El propio Pontiac está repleto de historia de la Ruta 66. Visite el Museo y Salón de la Fama de la Asociación de Illinois de la Ruta 66, ubicado en una antigua estación de bomberos, y el Museo del Automóvil Pontiac-Oakland, que presenta autos clásicos fabricados en Illinois. Explore el paseo mural del centro, que muestra más de 20 piezas de gran escala que celebran la carretera y el patrimonio de Illinois.
Springfield, Illinois: el legado de Lincoln y los comensales extravagantes
Tiempo de viaje desde Pontiac: 105 millas (1 hora, 45 minutos)
Springfield merece un día completo. El sitio histórico nacional Lincoln Home conserva la única casa propiedad de Abraham Lincoln, restaurada a su apariencia de 1860 con recorridos gratuitos dirigidos por guardabosques. Los cuatro bloques circundantes también han sido restaurados, ofreciendo una experiencia inmersiva de la vida del siglo XIX.
Luego, visite el Cozy Dog Drive-In (fundado en 1946) y el Route 66 Drive-In (fundado en 1949), ambos restaurantes icónicos llenos de recuerdos de la Ruta 66. Las opciones de alojamiento van desde el histórico Inn at 835 hasta el lujoso Bressmer Hotel, ambos llenos de historia local.
Litchfield, Illinois: comidas clásicas y autocines
Tiempo de viaje desde Springfield: 46 millas (50 minutos)
Litchfield ofrece una muestra de la comida clásica de la Ruta 66 en Ariston Cafe, el restaurante en funcionamiento continuo más antiguo en la carretera desde 1935. Para una experiencia única, visite el Sky View Drive-In, que opera en temporada desde 1950 y ofrece una experiencia de película retro.
St. Louis: Puerta de entrada al Oeste
Tiempo de viaje desde Litchfield: 53 millas (50 minutos)
Antes de llegar a St. Louis, desvíese hacia el Puente Old Chain of Rocks, construido en 1929, que pasó a formar parte de la Ruta 66 en 1936. El puente de una milla de largo presenta una distintiva curva de 30 grados y ofrece impresionantes vistas del río Mississippi y del horizonte de St. Louis.
El propio St. Louis exige al menos un día. Comience con el Gateway Arch, el monumento creado por el hombre más alto del país, y su museo rediseñado en expansión hacia el oeste. Explore el Museo de la Ciudad, un parque infantil/instalación de arte único construido con materiales recuperados, y deléitese con Ted Drewes Frozen Custard, conocido por sus “hormigones” increíblemente gruesos.
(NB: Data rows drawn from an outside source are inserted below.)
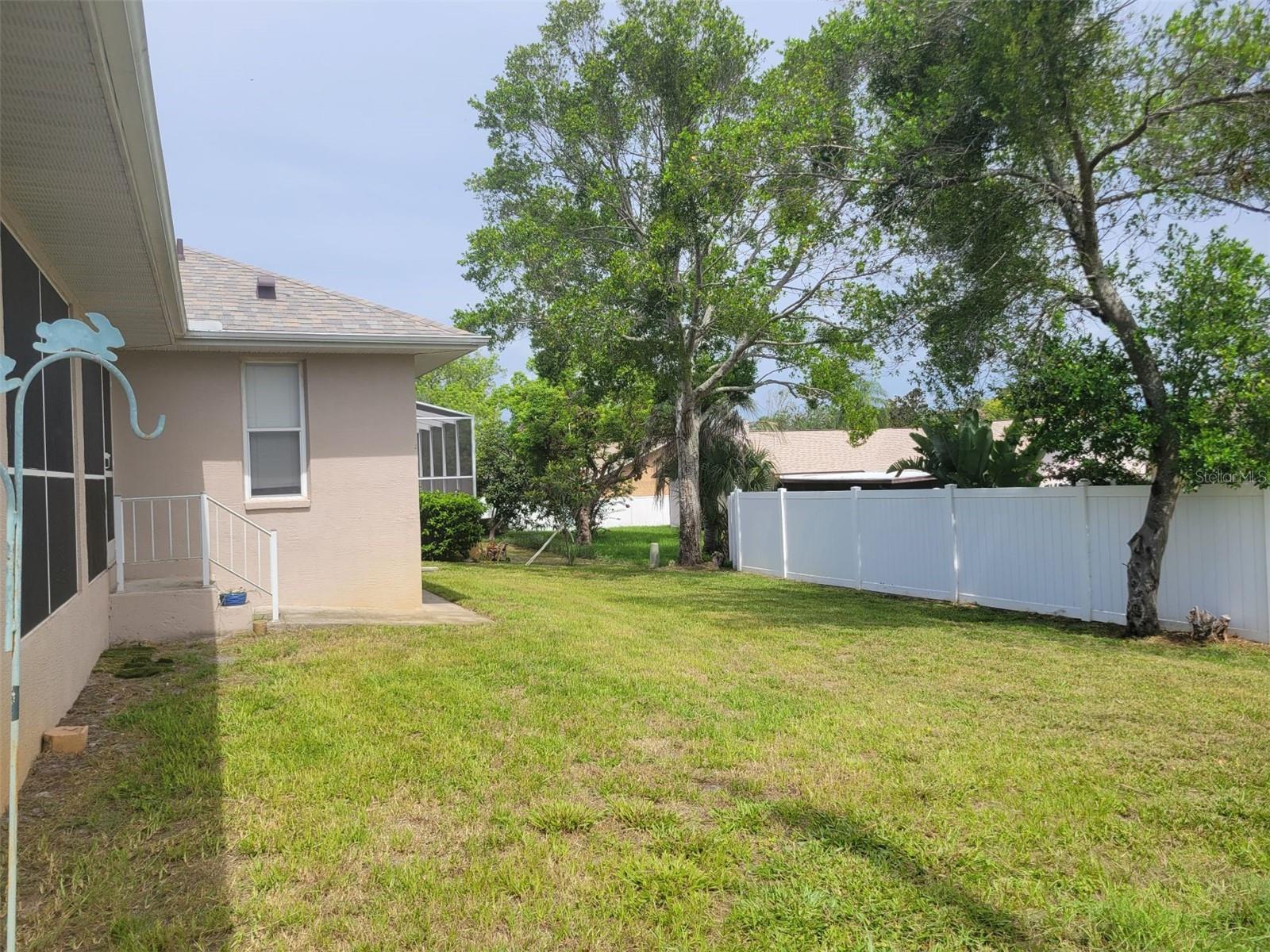 Image 31 of 33 For 18600 White Pine Circle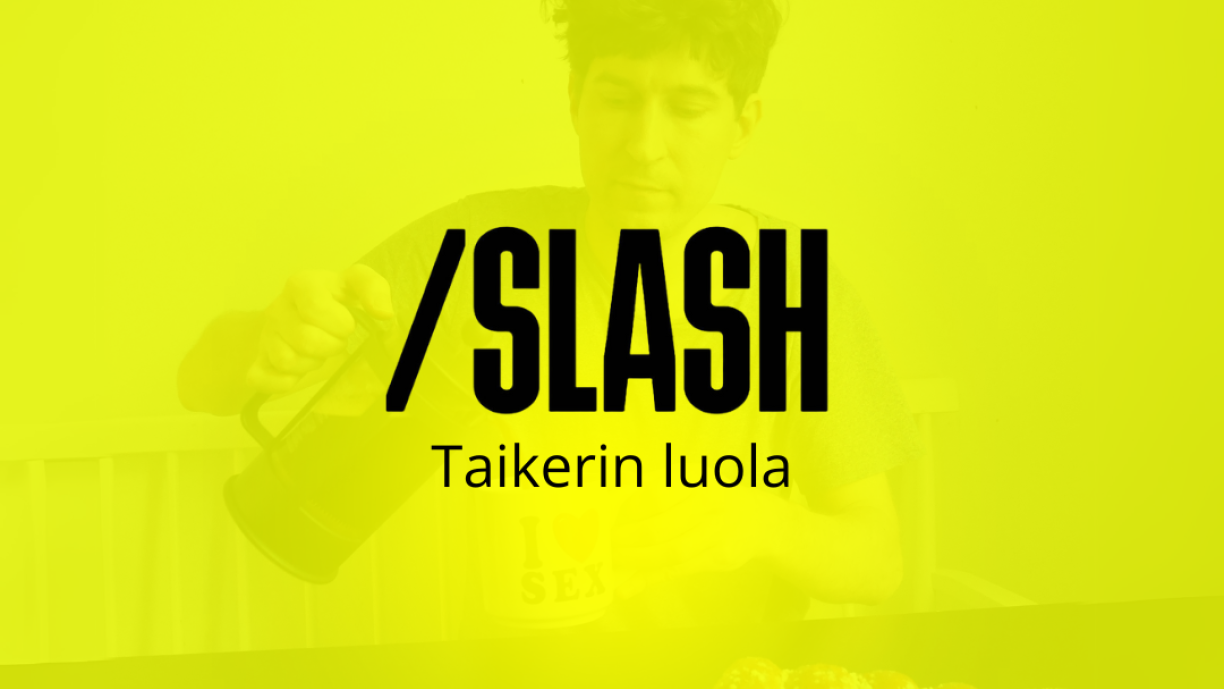Keltaisella taustalla teksti "/SLASH Taikerin luola", taustalla Kasper Strömman pullakahvilla.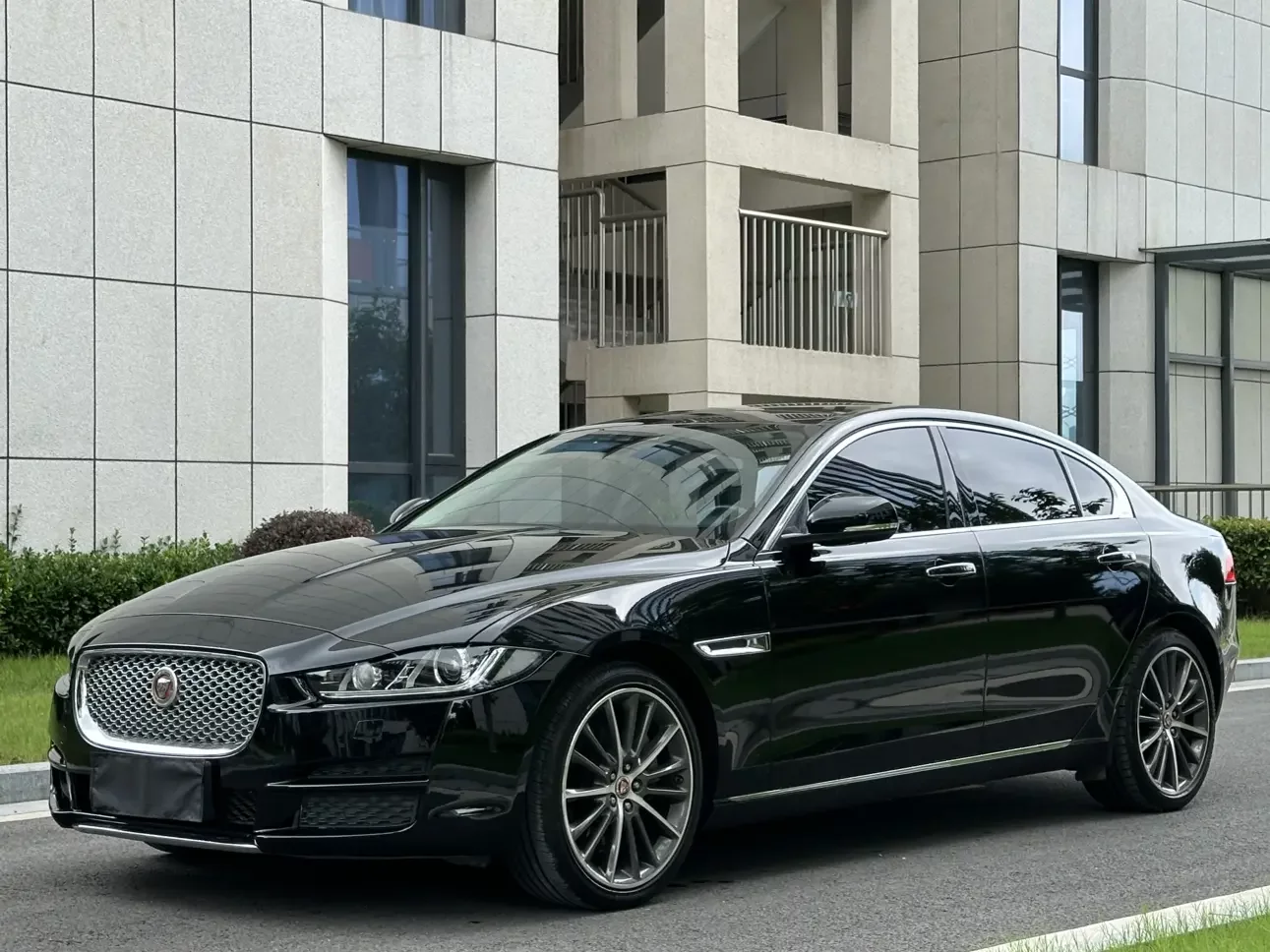 Jaguar XEL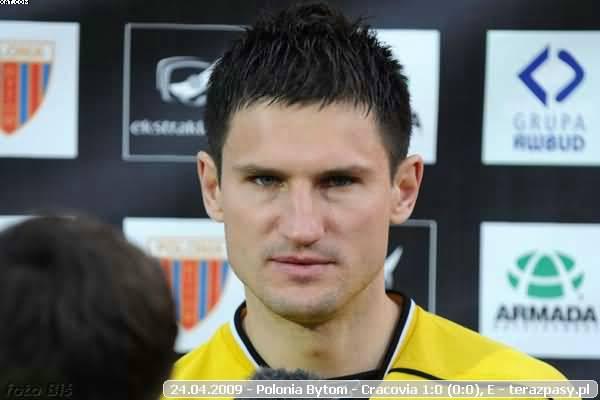2009-04-24-e-polonia_b-cracovia-b-762_600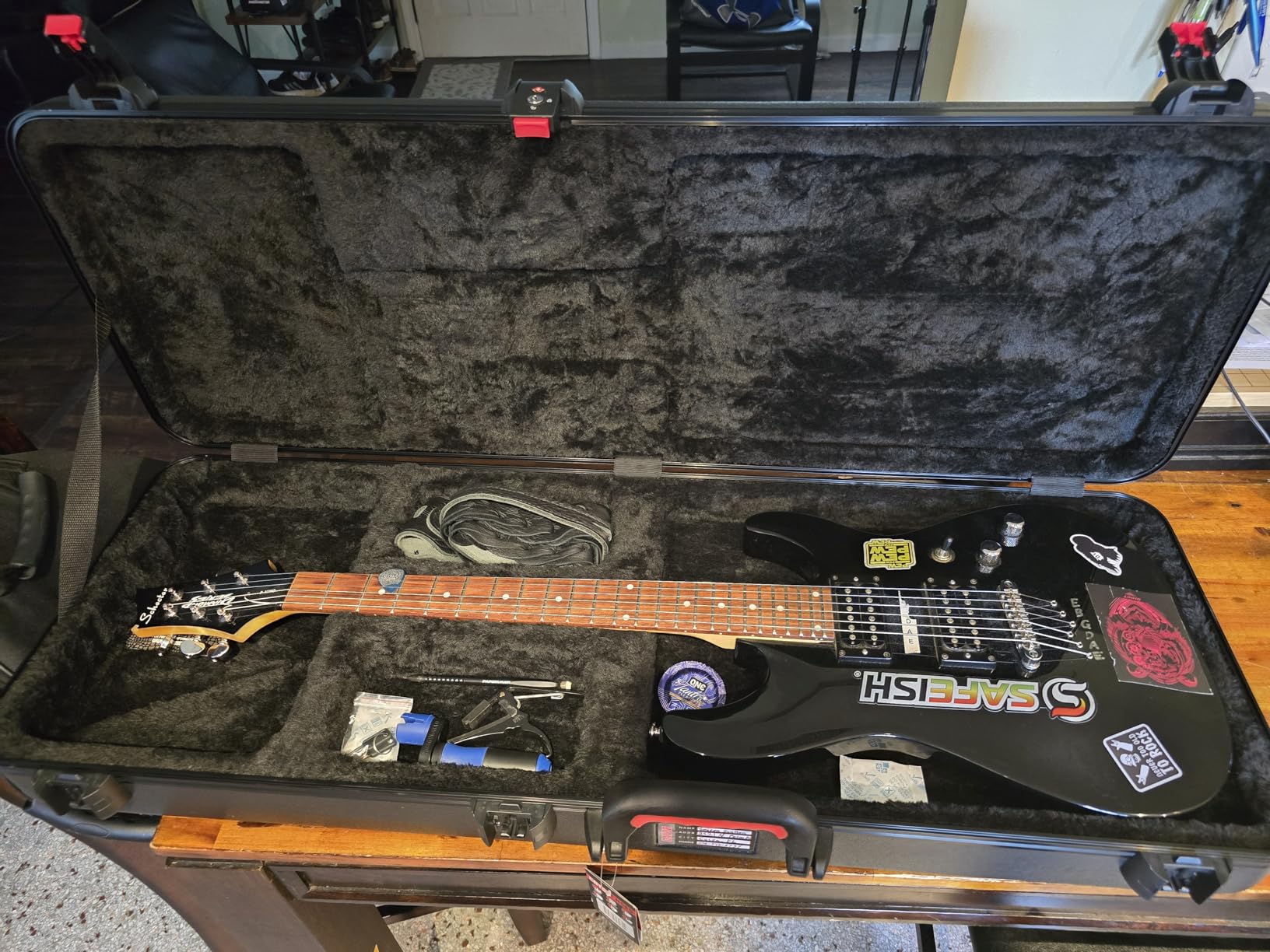 Gator Cases Molded Flight Case for Strat/Tele Style Electric Guitars with TSA Approved Locking Latch, (GTSA-GTRELEC) customer photo 1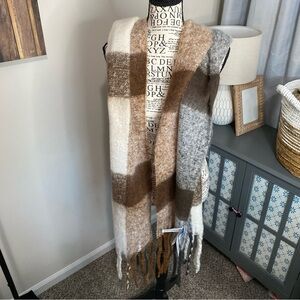 A007 old navy Plaid Fringe plush Scarf in Brown and Gray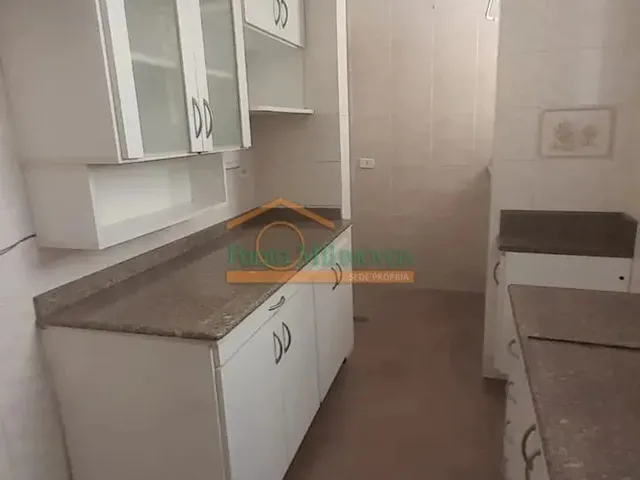 Imagem 3: Apartamento com 3 Dormitórios À Venda com 73.05M² por R$ 350.000,00 no Bairro Mercês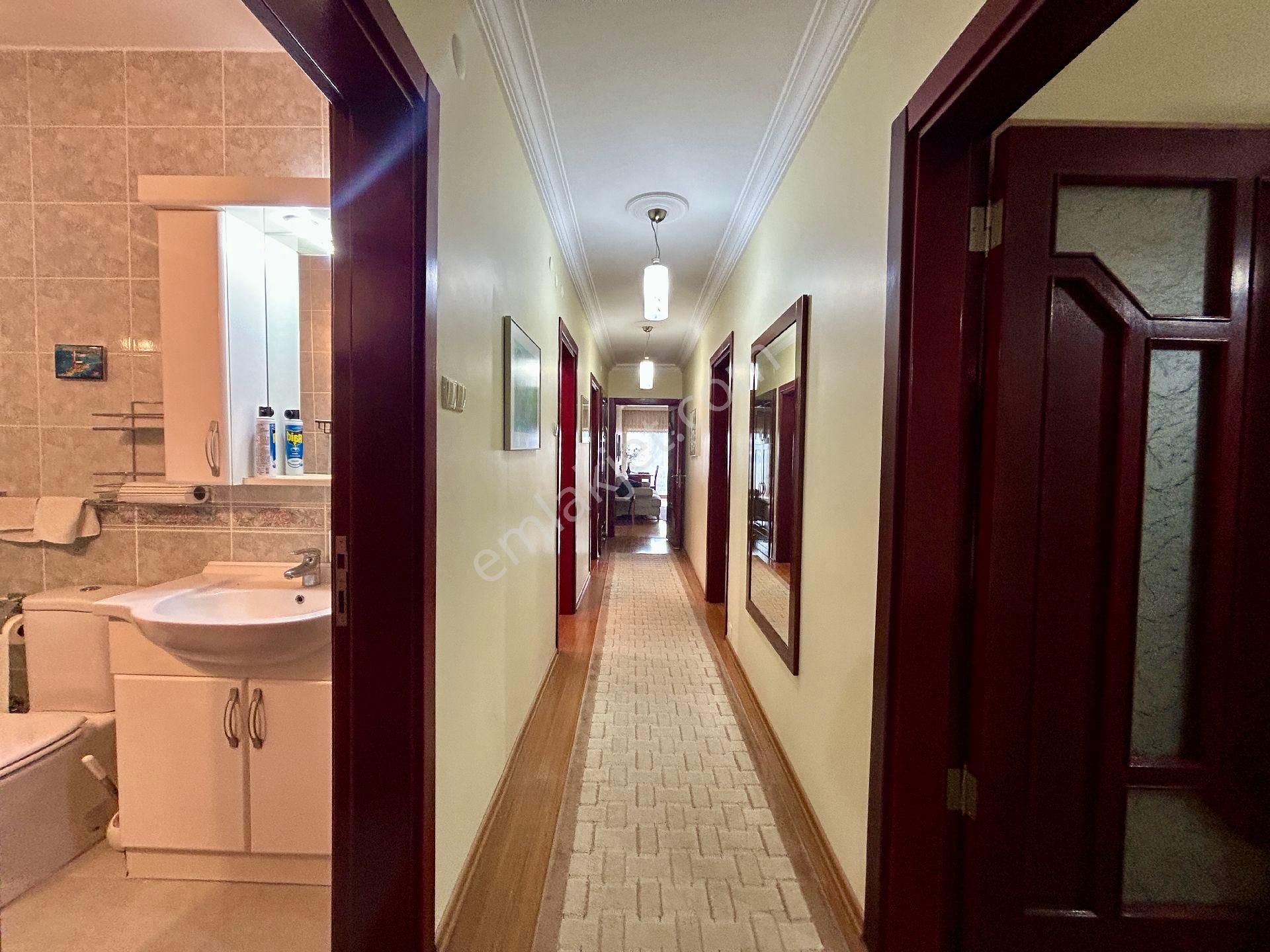 Kuşadası Bayraklıdede Mahallesi'nde 3+1 Satılık Daire Deniz Manzaralı - Görsel 19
Los amantes de la historia también deberían visitar el Museo Nacional del Transporte y la cervecería Anheuser-Busch.
Las opciones de alojamiento incluyen el histórico Chase Park Plaza y el moderno 21c Museum Hotel, ambos ofrecen experiencias únicas.
El atractivo perdurable de la Ruta 66 radica en su conexión tangible con la historia y la cultura estadounidenses. Este viaje de Chicago a St. Louis ofrece un potente recordatorio del legado de la carretera, combinando la nostalgia con auténticas experiencias al borde de la carretera.